If a system is a linear system, with Gaussian measurement and control noise, the Kalman Filter (KF) produces the minimum-covariance (i.e., the mean squared error) of the system states, given past control variables and sensor readings.

\[\begin{gather*} \begin{aligned} \mathbf x_k &= \mathbf A\,\mathbf x_{k-1} + \mathbf B\,\mathbf u_k + \mathbf w_k, &\quad \mathbf w_k &\sim \mathcal N(\mathbf 0,\,\mathbf Q) \\ \mathbf z_k &= \mathbf C\,\mathbf x_k + \mathbf v_k, &\quad \mathbf v_k &\sim \mathcal N(\mathbf 0,\,\mathbf R) \end{aligned} \end{gather*}\]
  • where $\mathbf w_k$ is process noise and $\mathbf v_k$ is measurement noise; both are assumed zero‑mean, white and mutually independent.

The Kalman Filter seeks to generate a sequence of estimates $\hat{x_k}$ such that its error covariance w.r.t the ground truth is minimized.

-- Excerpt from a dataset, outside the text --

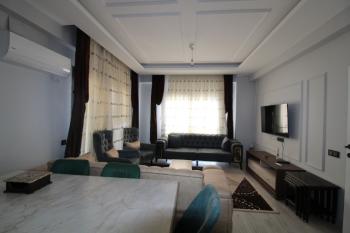 ASLAN'DAN KUYULUK'TA HAVUZLU SİTE İÇİ FULL EŞYALI KİRALIK 2+1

\[\begin{gather*} \begin{aligned} & \mathbf P_k \;=\; \operatorname{E}\big[(\hat{\mathbf x}_k-\mathbf x_k)(\hat{\mathbf x}_k-\mathbf x_k)^\top\big] \;\to\; \text{min.} \end{aligned} \end{gather*}\]
  1. With currently known control command $u_k$, we can make a prediction $\hat{\mathbf x}_k^-$.
\[\begin{gather*} \begin{aligned} & \hat{\mathbf x}_k^- = \mathbf A \hat{\mathbf x}_{k-1}^- + \mathbf B\mathbf u_k \end{aligned} \end{gather*}\]
  • Of course, this prediction comes with some uncertainty. The error covariance is amplified to:
\[\begin{gather*} \begin{aligned} & \mathbf P_k^- = \mathbf A\mathbf P_{k-1}\mathbf A^\top + \mathbf Q \end{aligned} \end{gather*}\]
  1. By design, the Kalman Filter applies a correction to the prediction (a.k.a prior) $\hat{\mathbf x}_k^-$, using the measurement $z_k$ with Kalman gain $K_k$
\[\begin{gather*} \begin{aligned} & \hat{\mathbf x}_k = \hat{\mathbf x}_k^- + \mathbf K_k\,(\mathbf z_k - \mathbf C\hat{\mathbf x}_k^-), \end{aligned} \end{gather*}\]
  • So now, define the error term $e_k$, and transform it to a function of $K_k$, measurement noise $v_k$ and observation matrix $C$:
\[\begin{gather*} \begin{aligned} & \begin{aligned} \mathbf e_k &= \mathbf x_k - \hat{\mathbf x}_k \\ &= (\mathbf I - \mathbf K_k\mathbf C)\,(\mathbf x_k - \hat{\mathbf x}_k^-) - \mathbf K_k\mathbf v_k. \end{aligned} \end{aligned} \end{gather*}\]
  • Further, because the noise $v_k$ is independent from the state $x_k$ because we can rewrite the error covariance using $K_k$ as (skipping some steps here):
\[\begin{gather*} \begin{aligned} & \mathbf P_k = (\mathbf I-\mathbf K_k\mathbf C)\,\mathbf P_k^-\,(\mathbf I-\mathbf K_k\mathbf C)^\top + \mathbf K_k\mathbf R\,\mathbf K_k^\top. \text{(★)} \end{aligned} \end{gather*}\]
  1. Now, we are in a good place to solve for $K_k$, such that $P_k$ is at a local minima. This requires the partial derivative of each covariance term w.r.t $K_k$ being zero:
\[\begin{gather*} \begin{aligned} & \frac{\partial\,\operatorname{tr}(\mathbf P_k)}{\partial\,\mathbf K_k}=0 \;\Longrightarrow\; \boxed{\;\mathbf K_k = \mathbf P_k^-\,\mathbf C^\top\,(\mathbf C\,\mathbf P_k^-\,\mathbf C^\top + \mathbf R)^{-1}\;}. \text{(Kalman Gain)} \end{aligned} \end{gather*}\]
  • This way, $K_k$ minimizes each covariance term, hence the trace. $K_k$ is now called the optimal gain.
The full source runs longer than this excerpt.